Is Donald Trump Endangering the Oval Office?

In twenty-first century America, the stigma once attached to politicians, who preached racial hatred, has all but disappeared.  The social taboo currently in place penalizes the listener, instead.   That is, Americans are no longer allowed to identify an individual who "panders in ethnic hatred and bigotry" as a racist, no matter how raw, divisive and virulent the person's words.

Donald Trump launched a  run for the 2012 presidency by embracing the birther movement, whose racist platform denies President Obama's American citizenship.   Trump proclaimed in late March on NBC's The View: 
"I want him to show his birth certificate.  There's something on that birth certificate that he doesn't like."
GMA Host George Stephanopoulos unceremoniously cornered Minnesota congresswoman Michele Bachmann, another possible presidential contender, into backing down from her public embrace of birtherism.  On live television, Stephanopoulos stuck in Bachmann's face, a signed copy of the  President's certificate of live birth issued by the State of Hawaii. 

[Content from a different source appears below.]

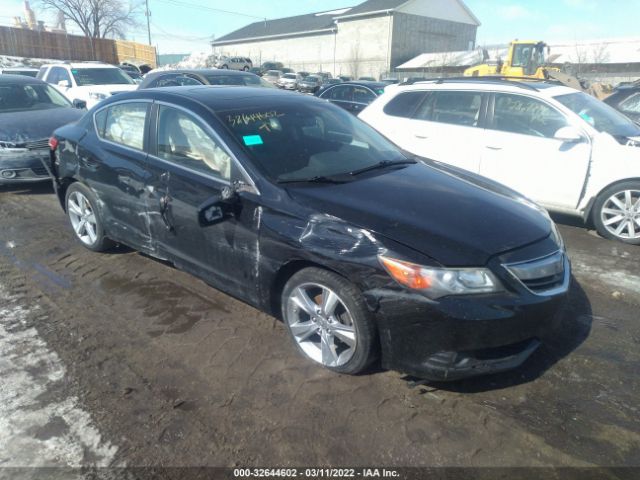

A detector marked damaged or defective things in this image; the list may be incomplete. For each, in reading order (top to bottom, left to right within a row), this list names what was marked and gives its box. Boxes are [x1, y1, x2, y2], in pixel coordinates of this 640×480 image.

damaged black car [48, 85, 568, 378]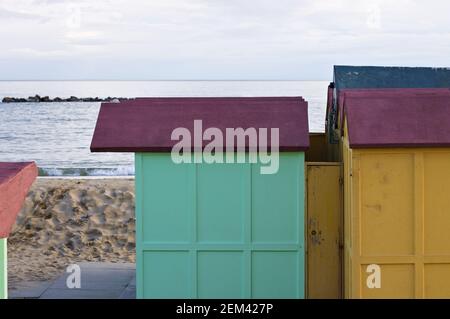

The Republican leadership seems to be growing weary of this birther nonsense.  It makes those in the Party who advocate such theories seem, well. . . unhinged.  As a consequence, Trump embarked this week on a new campaign, aimed at energizing the racist vote.  In an Associated Press interview on  Monday  he asserted that Obama got an Ivy League education although he was not qualified.  The real estate mogul declared:
"I heard he was a terrible student, terrible. How does a bad student go to Columbia and then to Harvard?"
In truth, the president graduated from Columbia University in New York in 1983, and went on to Harvard Law School, where he graduated magna cum laude  in 1991.  In this video clip, NBC's senior investigative corespondent, Lisa Myers, does some fact-checking in regard to Trump's more conspiratorial public pronouncements. 
American society may never rid itself of all racist elements within the population.  But it can certainly turn the page on this chapter in our history.  For it is one in which the nation's unwillingness to acknowledge politicians' racist pandering is fuelling the growing number of unfounded attacks on the legitimacy of the nation's first African-American president.  Even more dangerous is the fact that it sullies democracy and the electoral process, which put him in the Oval office.